National Claims Processing System for CHAMPUS
“(a) Claims Processing System Required.—(1) The Secretary of Defense, in consultation with the other administering Secretaries, shall provide by contract for the operation of a claims processing system to be known as the ‘National Claims Processing System for CHAMPUS’. The Secretary may procure the system in installments, including the use of incremental modules. The system, including completion and integration of all modules, shall be in full operation not later than seven years after the date of the enactment of this Act [Oct. 23, 1992].
“(2) The Secretary shall use competitive procedures for entering into any contract or contracts under paragraph (1).
“(b) System Functions.—The claims processing system shall include at least the following functions:
“(1) The maintenance in electronic or written form, or both, of appropriate information on health care services provided to covered beneficiaries by or through third parties under CHAMPUS or any alternative CHAMPUS program or demonstration project. Such information shall include—
“(A) the services to which such beneficiaries are entitled or eligible under an insurance plan, medical service plan, or health plan under CHAMPUS;
“(B) the insurers, medical services, or health plans that provide such services; and
“(C) the services available to beneficiaries under each insurance plan, medical service plan, or health plan, and the payment required of the beneficiaries and the insurer, medical service, or health plan for such services under the plan.
“(2) The ability to receive in electronic or written form claims submitted by insurers, medical services, and health plans for services provided to covered beneficiaries.
“(3) The ability to process, adjudicate, and pay (by electronic or other means) such claims.
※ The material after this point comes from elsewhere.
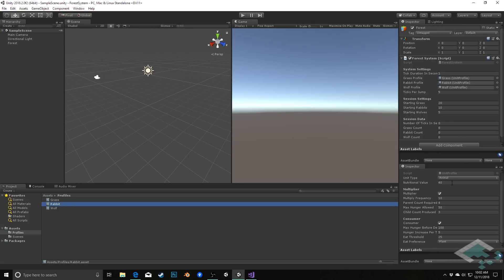We see here the details of our rabbit - it's an animal. But what we're really looking at right now is this multiplier - the fact that it's not multiplying fast enough. Parents required are four and it's producing three children each time. So we're getting basically a 75% growth each time that this ticks through every 10 ticks.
“(4) The provision of the information described in paragraphs (1) and (2) and information on the matters referred to in paragraph (3) by telephone, electronic, or other means to covered beneficiaries, insurers, medical services, and health plans.
“(c) Consistency with Medicare Claims Requirements.—The Secretary of Defense shall ensure, to the maximum extent practicable, that claims submitted to the claims processing system conform to the requirements applicable to claims submitted to the Secretary of Health and Human Services with respect to medical care provided under part A of title XVIII of the Social Security Act (42 U.S.C. 1395c et seq.).
“(d) Identification Card.—The Secretary of Defense shall take appropriate actions to determine whether the use by covered beneficiaries of a standard identification card containing electronically readable information will enhance the capability of the claims processing center to carry out the activities set forth in subsection (b).
“(e) Transition to System.—After January 1, 1996, any modification or acquisition related to claims processing systems operations in the Office of the Civilian Health and Medical Program of the Uniformed Services shall contain provisions to transfer such operations to the claims processing system required by subsection (a). After January 1, 1999, any renewal or acquisition for fiscal intermediary services (including coordinated care implementations in military hospitals and clinics) shall contain provisions to transfer claims processing systems operations related to such fiscal intermediary services to the claims processing system required by subsection (a).
“(f) Definitions.—For purposes of this section:
“(1) The term ‘administering Secretaries’ has the meaning given that term in paragraph (3) of section 1072 of title 10, United States Code.
“(2) The term ‘CHAMPUS’ means the Civilian Health and Medical Program of the Uniformed Services, as defined in paragraph (4) of such section.
“(3) The term ‘covered beneficiary’ has the meaning given that term in paragraph (5) of such section.”